In 2023, Kyle attended and spoke at the March Against Antisemitism in London. I was there too and was delighted to hear two ladies in the coach on the way home to Hove discussing how good his speech was: ‘Better than the Chief Rabbi’s!’ Lots of my neighbours are Jewish ladies of a certain age who may not approve of Labour but who won’t hear a word against PK. In a political landscape where pandering to the growing Muslim vote is cringy and occasionally downright dangerous (think of the late lamented Mrs Rayner’s backdoor blasphemy bill) he is a breath of fresh air.
Speaking of Rayner, there was hostility to her purchase of a Hove flat which was totally apart from the more demonstrative behaviour of the angry graffiti artists. With a flat in London and a house in her constituency, it seemed extraordinary that she would buy a home here unless there was some nefarious business going on, perhaps involving the practice known as the ‘chicken-run’. As the Telegraph put it: ‘Angela Rayner has been accused of plotting a “chicken run” to a safer seat on the south coast after polls showed she was likely to lose to Nigel Farage’s party.’

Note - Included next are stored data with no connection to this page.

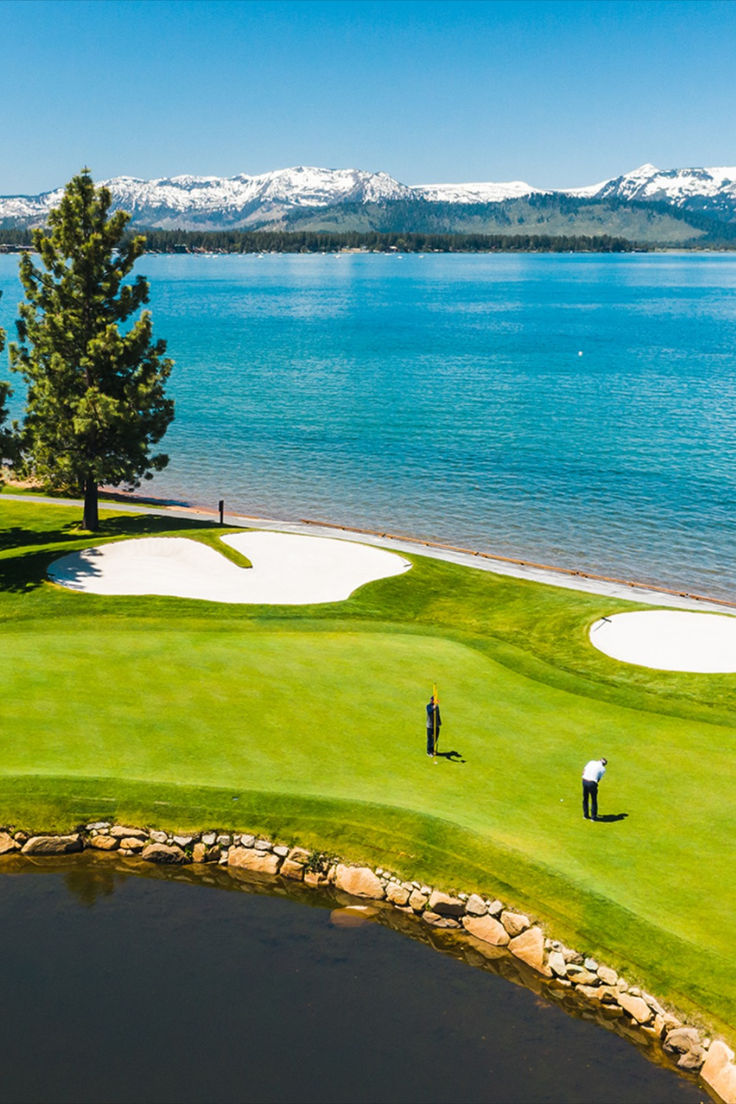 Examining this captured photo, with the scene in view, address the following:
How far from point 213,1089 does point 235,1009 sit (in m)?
1.87

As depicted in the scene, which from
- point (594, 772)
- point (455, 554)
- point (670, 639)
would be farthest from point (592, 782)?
point (455, 554)

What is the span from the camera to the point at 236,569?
41.0m

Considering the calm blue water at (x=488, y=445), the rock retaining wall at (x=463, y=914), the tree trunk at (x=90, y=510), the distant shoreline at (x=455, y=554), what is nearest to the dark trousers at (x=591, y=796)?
the rock retaining wall at (x=463, y=914)

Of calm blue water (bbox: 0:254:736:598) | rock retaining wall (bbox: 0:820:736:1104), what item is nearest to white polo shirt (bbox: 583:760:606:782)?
rock retaining wall (bbox: 0:820:736:1104)

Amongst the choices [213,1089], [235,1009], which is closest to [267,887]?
[235,1009]

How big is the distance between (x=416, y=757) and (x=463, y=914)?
436 cm

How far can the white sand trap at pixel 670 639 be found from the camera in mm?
31953

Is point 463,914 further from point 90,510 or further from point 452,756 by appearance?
point 90,510

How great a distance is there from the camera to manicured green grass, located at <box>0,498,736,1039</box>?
1869 centimetres

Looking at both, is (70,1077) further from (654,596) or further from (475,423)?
(475,423)

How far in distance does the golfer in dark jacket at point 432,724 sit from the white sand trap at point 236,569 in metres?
14.6

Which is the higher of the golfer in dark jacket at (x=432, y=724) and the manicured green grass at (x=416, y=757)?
the golfer in dark jacket at (x=432, y=724)

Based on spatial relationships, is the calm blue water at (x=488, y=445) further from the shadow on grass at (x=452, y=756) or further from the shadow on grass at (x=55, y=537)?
the shadow on grass at (x=452, y=756)

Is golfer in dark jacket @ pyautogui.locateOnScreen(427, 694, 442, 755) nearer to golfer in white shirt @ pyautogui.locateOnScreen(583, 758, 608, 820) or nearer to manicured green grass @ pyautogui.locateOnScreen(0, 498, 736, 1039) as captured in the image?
manicured green grass @ pyautogui.locateOnScreen(0, 498, 736, 1039) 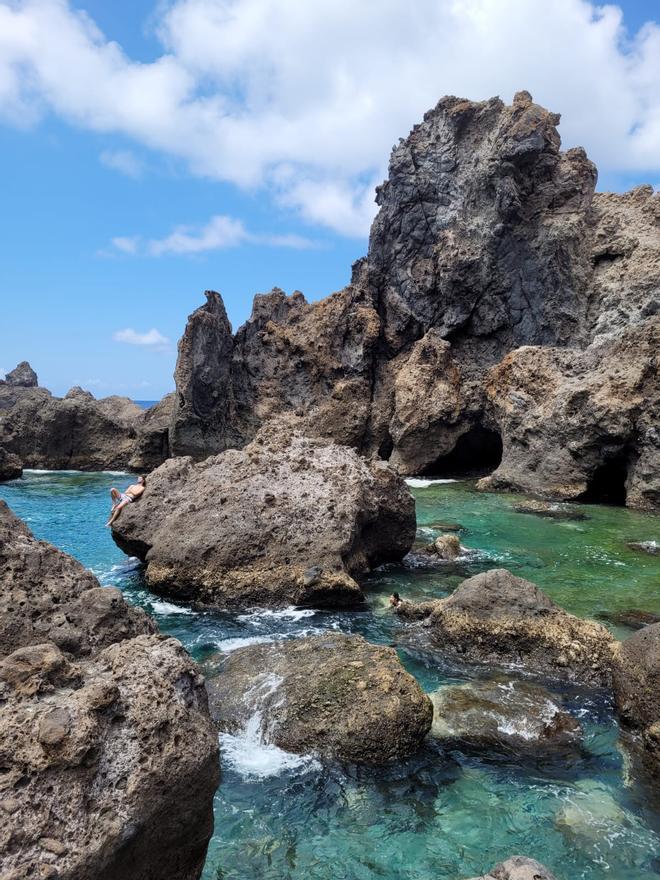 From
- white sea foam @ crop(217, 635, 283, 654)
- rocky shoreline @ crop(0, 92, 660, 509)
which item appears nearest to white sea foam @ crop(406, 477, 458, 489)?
rocky shoreline @ crop(0, 92, 660, 509)

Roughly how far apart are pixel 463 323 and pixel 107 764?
40606 millimetres

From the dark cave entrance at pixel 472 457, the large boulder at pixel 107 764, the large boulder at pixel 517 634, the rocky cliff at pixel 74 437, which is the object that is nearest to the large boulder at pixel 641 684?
the large boulder at pixel 517 634

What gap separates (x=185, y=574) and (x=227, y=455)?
3786 mm

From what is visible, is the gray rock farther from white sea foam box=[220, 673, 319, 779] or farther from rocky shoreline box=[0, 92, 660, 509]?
white sea foam box=[220, 673, 319, 779]

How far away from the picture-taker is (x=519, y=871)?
4.90m

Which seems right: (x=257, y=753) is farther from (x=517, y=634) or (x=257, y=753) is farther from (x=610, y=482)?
(x=610, y=482)

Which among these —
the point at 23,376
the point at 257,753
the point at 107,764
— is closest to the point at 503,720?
the point at 257,753

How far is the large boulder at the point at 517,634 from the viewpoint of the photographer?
1023 centimetres

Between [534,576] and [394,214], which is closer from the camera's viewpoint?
[534,576]

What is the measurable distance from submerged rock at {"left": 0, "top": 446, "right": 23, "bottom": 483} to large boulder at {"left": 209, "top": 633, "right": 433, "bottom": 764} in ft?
106

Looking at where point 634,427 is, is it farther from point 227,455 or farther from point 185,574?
point 185,574

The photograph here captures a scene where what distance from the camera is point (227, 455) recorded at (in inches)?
653

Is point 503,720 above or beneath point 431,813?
above

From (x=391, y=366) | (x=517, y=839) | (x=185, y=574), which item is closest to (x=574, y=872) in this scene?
(x=517, y=839) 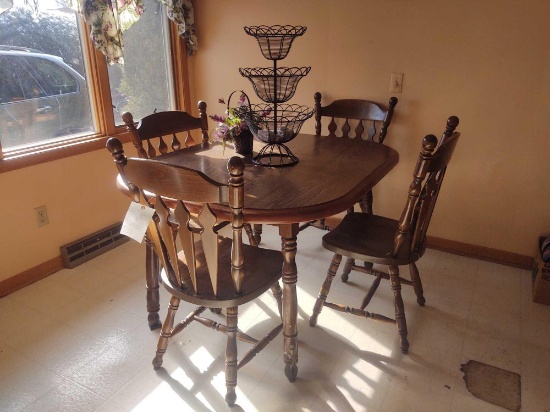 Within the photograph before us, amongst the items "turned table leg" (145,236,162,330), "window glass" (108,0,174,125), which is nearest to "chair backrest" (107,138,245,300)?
"turned table leg" (145,236,162,330)

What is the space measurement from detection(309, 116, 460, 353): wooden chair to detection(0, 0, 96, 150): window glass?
174cm

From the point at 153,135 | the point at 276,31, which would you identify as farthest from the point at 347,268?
the point at 276,31

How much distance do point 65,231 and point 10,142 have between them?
0.58 metres

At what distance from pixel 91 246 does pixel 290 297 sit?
162cm

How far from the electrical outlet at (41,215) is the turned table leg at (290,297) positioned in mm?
1597

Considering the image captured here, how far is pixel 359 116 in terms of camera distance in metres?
2.47

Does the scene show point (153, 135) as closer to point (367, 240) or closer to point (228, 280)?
point (228, 280)

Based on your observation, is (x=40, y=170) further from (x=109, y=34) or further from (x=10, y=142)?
(x=109, y=34)

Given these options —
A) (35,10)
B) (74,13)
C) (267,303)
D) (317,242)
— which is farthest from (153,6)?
(267,303)

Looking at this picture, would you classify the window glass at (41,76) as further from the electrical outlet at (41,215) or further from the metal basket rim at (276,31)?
the metal basket rim at (276,31)

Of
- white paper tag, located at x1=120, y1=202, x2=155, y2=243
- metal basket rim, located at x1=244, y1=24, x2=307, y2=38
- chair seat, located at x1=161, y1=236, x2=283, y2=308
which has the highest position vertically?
metal basket rim, located at x1=244, y1=24, x2=307, y2=38

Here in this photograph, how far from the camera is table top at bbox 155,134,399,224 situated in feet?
4.23

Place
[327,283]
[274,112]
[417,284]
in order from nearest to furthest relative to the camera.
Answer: [274,112] → [327,283] → [417,284]

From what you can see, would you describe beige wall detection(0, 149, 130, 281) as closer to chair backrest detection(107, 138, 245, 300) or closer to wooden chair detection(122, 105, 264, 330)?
wooden chair detection(122, 105, 264, 330) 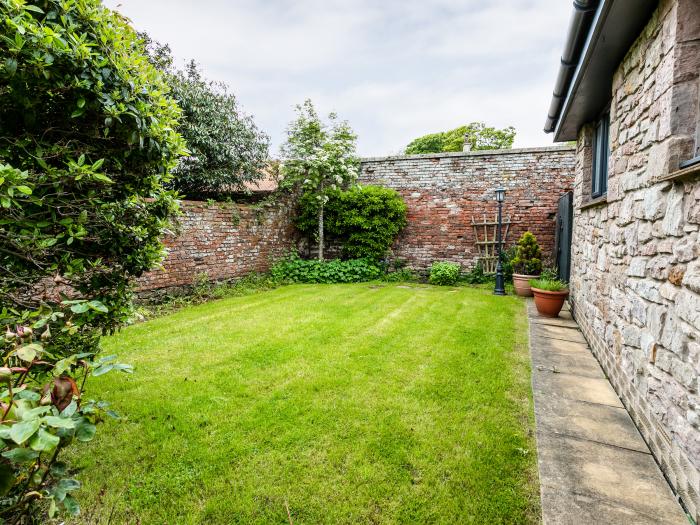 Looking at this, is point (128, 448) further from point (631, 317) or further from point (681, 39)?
point (681, 39)

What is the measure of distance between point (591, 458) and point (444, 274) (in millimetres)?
6726

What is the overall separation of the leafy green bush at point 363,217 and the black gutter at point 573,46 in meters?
5.13

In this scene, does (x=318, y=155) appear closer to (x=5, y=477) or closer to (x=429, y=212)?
(x=429, y=212)

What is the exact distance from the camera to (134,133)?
1778mm

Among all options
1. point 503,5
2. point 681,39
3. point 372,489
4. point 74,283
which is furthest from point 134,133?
point 503,5

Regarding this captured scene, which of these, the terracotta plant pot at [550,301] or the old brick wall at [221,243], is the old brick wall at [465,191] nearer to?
the old brick wall at [221,243]

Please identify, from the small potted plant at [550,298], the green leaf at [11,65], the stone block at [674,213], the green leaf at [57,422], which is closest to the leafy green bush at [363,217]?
the small potted plant at [550,298]

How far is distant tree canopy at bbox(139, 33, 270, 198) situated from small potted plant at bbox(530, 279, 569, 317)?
7272mm

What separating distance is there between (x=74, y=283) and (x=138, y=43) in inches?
57.7

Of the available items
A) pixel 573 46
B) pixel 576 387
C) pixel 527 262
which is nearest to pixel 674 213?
pixel 576 387

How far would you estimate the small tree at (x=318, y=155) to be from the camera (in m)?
8.87

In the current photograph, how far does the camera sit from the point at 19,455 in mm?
642

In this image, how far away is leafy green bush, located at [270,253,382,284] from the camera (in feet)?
28.4

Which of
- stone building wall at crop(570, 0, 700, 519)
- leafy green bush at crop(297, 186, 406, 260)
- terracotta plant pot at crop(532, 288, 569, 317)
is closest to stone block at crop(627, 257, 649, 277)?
stone building wall at crop(570, 0, 700, 519)
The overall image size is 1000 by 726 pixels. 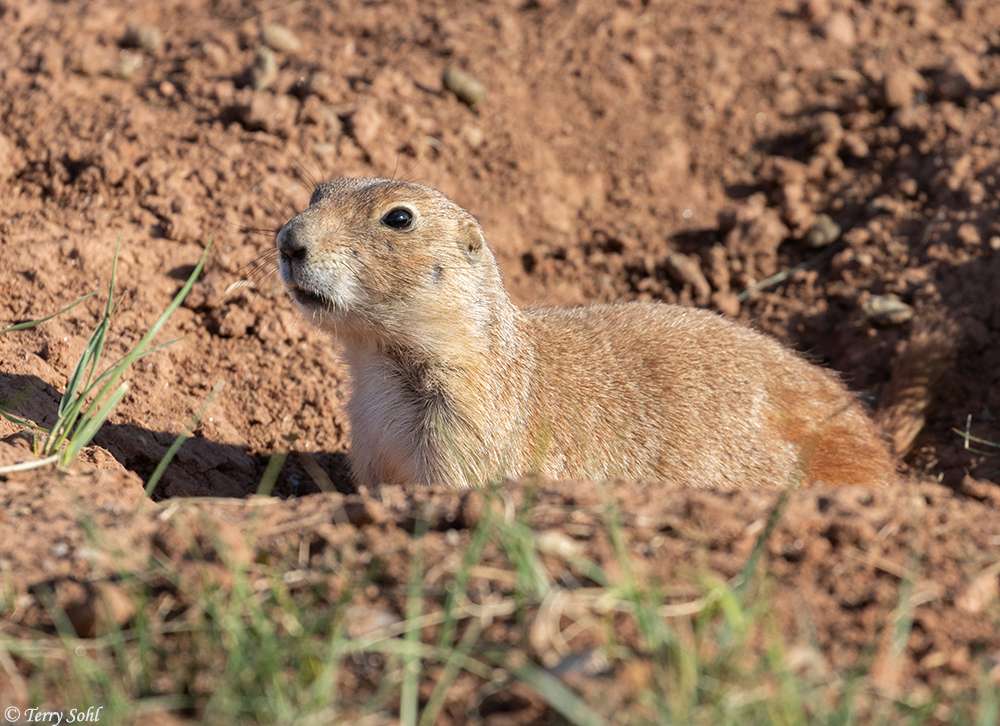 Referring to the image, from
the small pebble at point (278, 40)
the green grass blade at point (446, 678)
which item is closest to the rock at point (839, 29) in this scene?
the small pebble at point (278, 40)

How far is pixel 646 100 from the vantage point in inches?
287

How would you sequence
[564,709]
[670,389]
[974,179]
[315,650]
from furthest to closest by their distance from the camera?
[974,179] < [670,389] < [315,650] < [564,709]

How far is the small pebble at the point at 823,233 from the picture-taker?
6602mm

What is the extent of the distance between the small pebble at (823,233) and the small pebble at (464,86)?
2.61 m

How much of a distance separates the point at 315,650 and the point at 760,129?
611 centimetres

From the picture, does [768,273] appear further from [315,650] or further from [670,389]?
[315,650]

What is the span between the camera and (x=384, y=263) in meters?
4.20

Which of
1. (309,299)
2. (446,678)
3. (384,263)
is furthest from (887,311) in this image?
(446,678)

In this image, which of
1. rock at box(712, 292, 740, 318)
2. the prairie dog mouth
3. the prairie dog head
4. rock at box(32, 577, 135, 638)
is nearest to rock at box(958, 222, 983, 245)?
rock at box(712, 292, 740, 318)

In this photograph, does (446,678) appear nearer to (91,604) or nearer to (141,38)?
(91,604)

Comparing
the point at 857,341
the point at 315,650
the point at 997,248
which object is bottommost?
the point at 315,650

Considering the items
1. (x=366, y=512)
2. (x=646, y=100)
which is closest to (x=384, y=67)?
(x=646, y=100)

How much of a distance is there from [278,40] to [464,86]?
55.7 inches

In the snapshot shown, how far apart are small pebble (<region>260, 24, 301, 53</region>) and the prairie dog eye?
325 centimetres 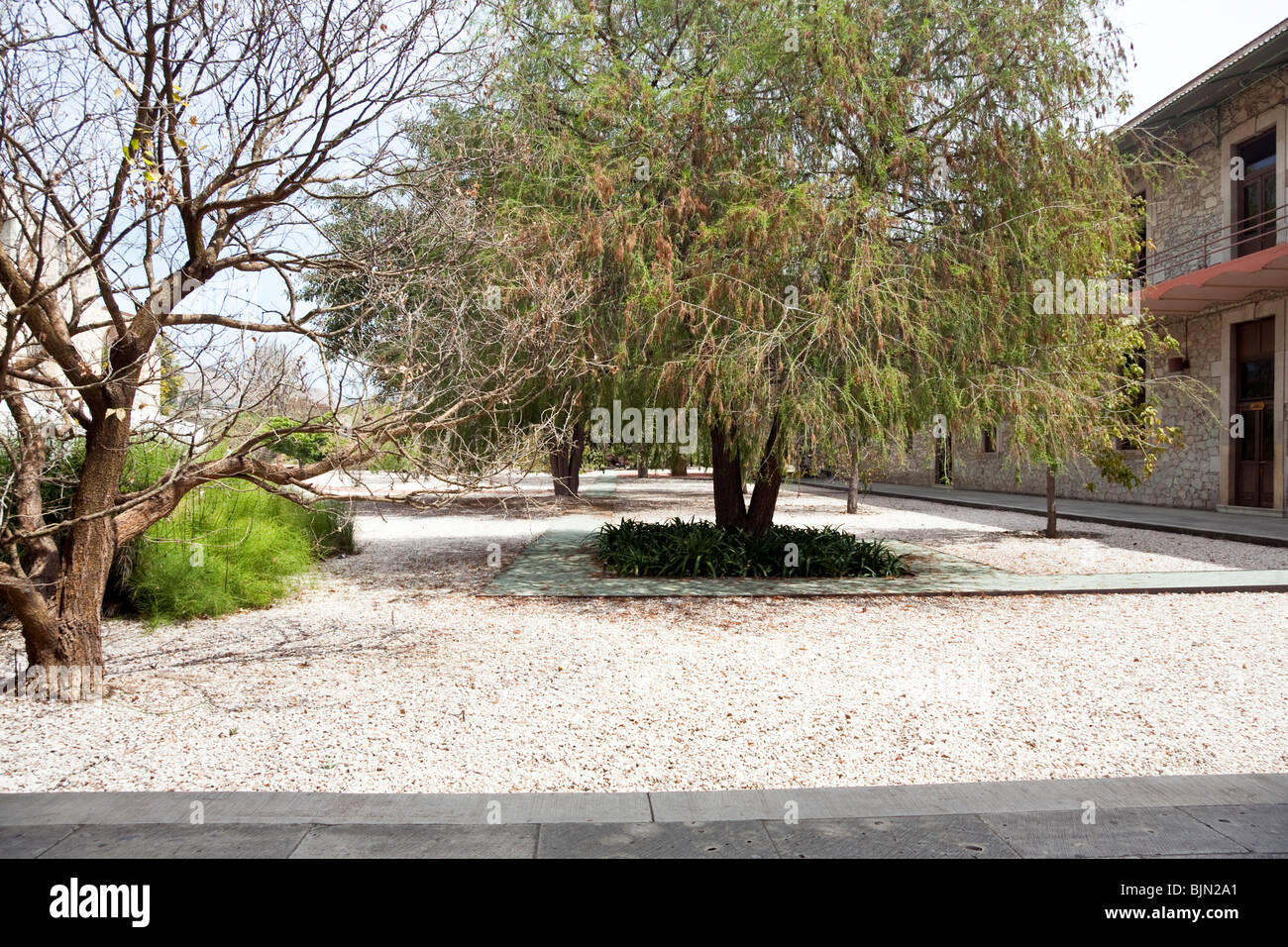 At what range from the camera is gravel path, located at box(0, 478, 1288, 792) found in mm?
4332

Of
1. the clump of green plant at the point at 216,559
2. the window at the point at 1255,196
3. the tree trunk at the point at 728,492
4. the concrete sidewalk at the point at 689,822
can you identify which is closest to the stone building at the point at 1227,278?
the window at the point at 1255,196

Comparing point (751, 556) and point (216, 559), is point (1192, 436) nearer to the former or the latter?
point (751, 556)

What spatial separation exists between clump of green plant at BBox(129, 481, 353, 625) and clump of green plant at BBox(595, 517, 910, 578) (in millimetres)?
4026

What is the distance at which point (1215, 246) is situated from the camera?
18.5 metres

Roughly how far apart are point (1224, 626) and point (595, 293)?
702cm

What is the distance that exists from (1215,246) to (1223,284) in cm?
249

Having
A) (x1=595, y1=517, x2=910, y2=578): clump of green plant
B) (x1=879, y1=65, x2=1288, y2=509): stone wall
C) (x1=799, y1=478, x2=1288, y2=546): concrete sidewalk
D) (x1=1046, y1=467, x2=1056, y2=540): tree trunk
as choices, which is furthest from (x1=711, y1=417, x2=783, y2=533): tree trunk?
(x1=799, y1=478, x2=1288, y2=546): concrete sidewalk

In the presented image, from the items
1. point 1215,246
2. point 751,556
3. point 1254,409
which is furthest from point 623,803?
point 1215,246

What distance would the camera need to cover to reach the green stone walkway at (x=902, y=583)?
9.45 metres

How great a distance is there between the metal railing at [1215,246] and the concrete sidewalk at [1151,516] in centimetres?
527

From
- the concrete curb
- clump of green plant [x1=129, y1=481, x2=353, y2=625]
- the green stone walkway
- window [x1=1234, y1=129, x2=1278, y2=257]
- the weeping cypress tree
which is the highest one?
window [x1=1234, y1=129, x2=1278, y2=257]

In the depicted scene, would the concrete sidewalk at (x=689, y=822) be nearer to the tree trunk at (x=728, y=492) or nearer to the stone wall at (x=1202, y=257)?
the tree trunk at (x=728, y=492)

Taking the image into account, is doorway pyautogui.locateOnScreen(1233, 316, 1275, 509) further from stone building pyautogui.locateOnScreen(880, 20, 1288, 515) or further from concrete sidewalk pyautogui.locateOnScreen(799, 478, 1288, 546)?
concrete sidewalk pyautogui.locateOnScreen(799, 478, 1288, 546) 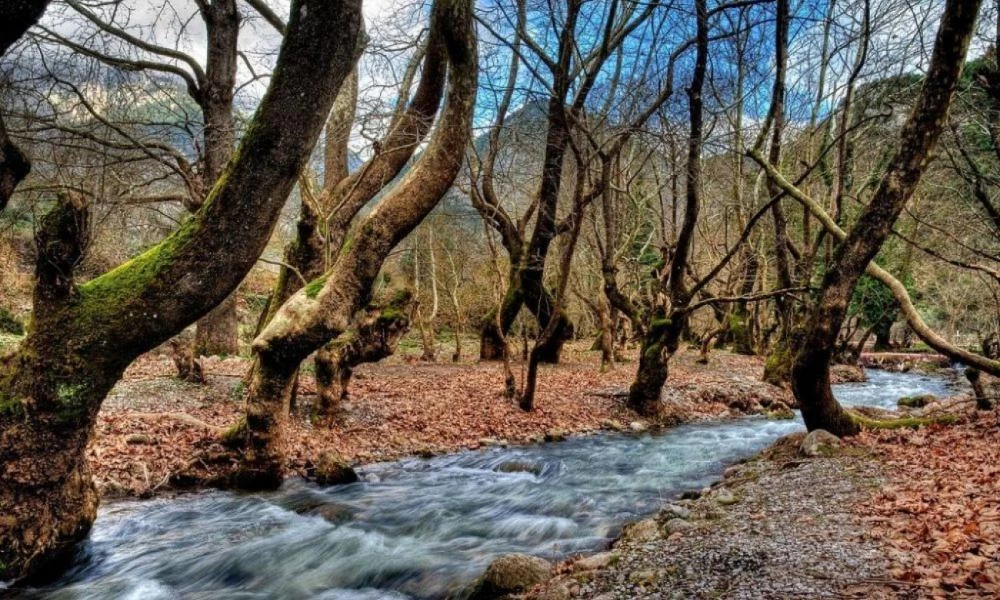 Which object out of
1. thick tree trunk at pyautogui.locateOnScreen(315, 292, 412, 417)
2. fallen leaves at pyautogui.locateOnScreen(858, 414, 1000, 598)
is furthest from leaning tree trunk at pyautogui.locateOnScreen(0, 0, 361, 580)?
fallen leaves at pyautogui.locateOnScreen(858, 414, 1000, 598)

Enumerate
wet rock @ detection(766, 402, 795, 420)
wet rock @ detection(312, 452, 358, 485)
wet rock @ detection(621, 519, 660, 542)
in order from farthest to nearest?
wet rock @ detection(766, 402, 795, 420), wet rock @ detection(312, 452, 358, 485), wet rock @ detection(621, 519, 660, 542)

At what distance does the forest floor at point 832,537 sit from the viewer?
3010 millimetres

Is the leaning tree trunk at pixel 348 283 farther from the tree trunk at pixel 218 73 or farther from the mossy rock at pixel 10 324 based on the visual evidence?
the mossy rock at pixel 10 324

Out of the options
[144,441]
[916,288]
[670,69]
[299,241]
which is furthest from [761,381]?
[916,288]

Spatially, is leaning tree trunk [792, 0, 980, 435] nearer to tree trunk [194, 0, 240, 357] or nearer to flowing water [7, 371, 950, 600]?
flowing water [7, 371, 950, 600]

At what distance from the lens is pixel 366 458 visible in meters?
7.89

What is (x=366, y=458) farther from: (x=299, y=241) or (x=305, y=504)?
(x=299, y=241)

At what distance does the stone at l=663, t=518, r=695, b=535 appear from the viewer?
4.71m

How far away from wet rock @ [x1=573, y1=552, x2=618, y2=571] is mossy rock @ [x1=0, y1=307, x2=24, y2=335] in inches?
717

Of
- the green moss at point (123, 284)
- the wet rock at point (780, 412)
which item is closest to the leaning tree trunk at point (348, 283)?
the green moss at point (123, 284)

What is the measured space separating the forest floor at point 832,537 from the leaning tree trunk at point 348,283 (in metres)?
3.47

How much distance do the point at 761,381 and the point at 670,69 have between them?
29.5ft

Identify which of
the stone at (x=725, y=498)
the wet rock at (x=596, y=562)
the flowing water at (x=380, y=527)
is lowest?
the flowing water at (x=380, y=527)

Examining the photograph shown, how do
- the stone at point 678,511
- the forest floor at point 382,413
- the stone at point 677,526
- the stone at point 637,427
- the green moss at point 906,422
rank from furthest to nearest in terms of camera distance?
the stone at point 637,427, the green moss at point 906,422, the forest floor at point 382,413, the stone at point 678,511, the stone at point 677,526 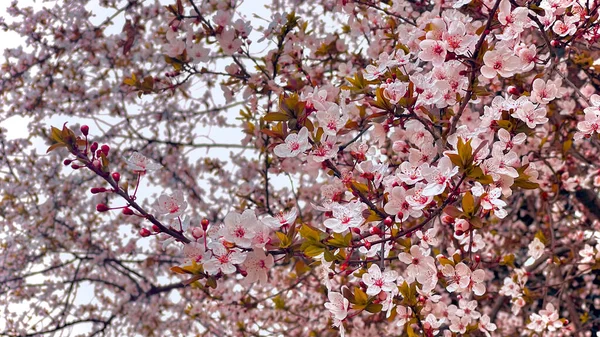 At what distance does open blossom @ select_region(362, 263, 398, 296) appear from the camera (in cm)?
128

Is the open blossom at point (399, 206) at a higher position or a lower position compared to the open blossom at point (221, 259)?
higher

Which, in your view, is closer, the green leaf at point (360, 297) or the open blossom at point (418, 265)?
the green leaf at point (360, 297)

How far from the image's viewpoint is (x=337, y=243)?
4.18ft

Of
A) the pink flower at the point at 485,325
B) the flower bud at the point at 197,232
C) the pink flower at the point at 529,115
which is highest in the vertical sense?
the pink flower at the point at 529,115

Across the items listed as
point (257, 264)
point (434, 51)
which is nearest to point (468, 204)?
point (434, 51)

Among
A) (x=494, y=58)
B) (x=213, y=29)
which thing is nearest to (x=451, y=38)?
(x=494, y=58)

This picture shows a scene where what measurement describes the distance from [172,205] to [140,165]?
0.54 feet

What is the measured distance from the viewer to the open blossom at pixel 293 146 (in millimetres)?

Of course Peter, decent cove that he is, stood by his new neighbour. His statement to our excellent local reporter Ramy Abou-Setta, however, made me laugh, with its mix of fastidiousness and snark: ‘I’m really disappointed that a heritage wall has been defaced over this issue. There are many, many ways people can express their anger and disappointment in Angela Rayner, including reporting her to the Commissioner for Standards.’
In an age when ‘Forgive and forget’ has come to mean ‘Forgive the criminal and forget the victim’, I find it original and affecting that in 2021 when he became shadow minister for victims and youth justice, Kyle presented a bill to parliament including the aims of ensuring victims are read their rights at the same time as perpetrator, creating a register for people who run departments in the justice system which routinely ignore victims’ rights and giving victims of persistent anti-social behaviour the same rights as victims of crimes.
His posts since then have been various – minister for schools, Northern Ireland, science and technology – and since last week a big juicy one, secretary of state for business and trade. His private life is pleasingly private. He was in a relationship with Vlastimil Tiser, until Tiser’s death in 2012. His mother died of cancer six days later. Peter Kyle kept on soldiering on, and he will keep doing so. Who knows how far? If he carries on like this, I might even have to vote for him again.